ETFs continue to trounce active funds in the new Trump world

The explosion of ETFs onto the financial market scene has been nothing short of phenomenal, and some analysts are seeing signs of an implosion. Despite this, active managers are still failing to seize back the spotlight, according to an article by the Financial Times.

In the broad market case, increased ETF activity should create more bargains, which would result in choice stocks being ripe for active managers’ picking. In addition, Donald Trump’s recent election win has created ideal conditions for active managers to outshine indexers: index-tracking by S&P shows that stock correlations have decreased, and S&P’s Spiva service found extremely high-level dispersion of returns in November.

“But volatility remained low, which should lead to an increase in idiosyncratic (as opposed to broader macroeconomic or market) risks for individual stocks,” the article read. “Deflationary stocks — high-yielders and defensive names — were out, while inflationary names, such as cyclicals and financials, were suddenly in.”

Despite the opportune conditions, active managers were unable to capitalize. In the two weeks after the election, 54% of the US active equity mutual funds tracked by Barclays underperformed their benchmarks. Separating the top and bottom deciles was a 4-percentage-point gap.

While active funds have picked up a lot since mid-2016’s market turn, they are lagging for the year because they positioned themselves too early for the late-year turnaround. “Goldman Sachs finds that slightly more than half of US large-cap managers have beaten their benchmarks since the end of June, but only 23% have done so since the beginning of the year,” the report said. “They were far too heavily weighted in cyclicals and inflationary stocks from the year’s outset, and are still a long way behind.”
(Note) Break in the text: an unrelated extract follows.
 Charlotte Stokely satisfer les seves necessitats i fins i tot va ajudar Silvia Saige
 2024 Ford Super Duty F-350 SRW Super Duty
ETFs, on the other hand, have managed to succeed because of their suitability to short-term sectoral bets. “According to Barclays’ US equity strategist Keith Parker, inflows into ETFs tracking US industrials were equivalent to 20% of their market value, in just the one week after the election alone,” said the report.

Further hampering active managers was the continuing redemptions from their funds, forcing them to sell and not realize the gains they could have from the market rally fueled by ETF money.

“If this sectoral rotation continues — which it should unless the Trump administration radically fails to put its agenda into action — then active managers might in aggregate find themselves topping the indices next year,” the article read. “But they will have done so by holding on to the coat-tails of ETFs and making their distortions even worse, and not by correcting them.”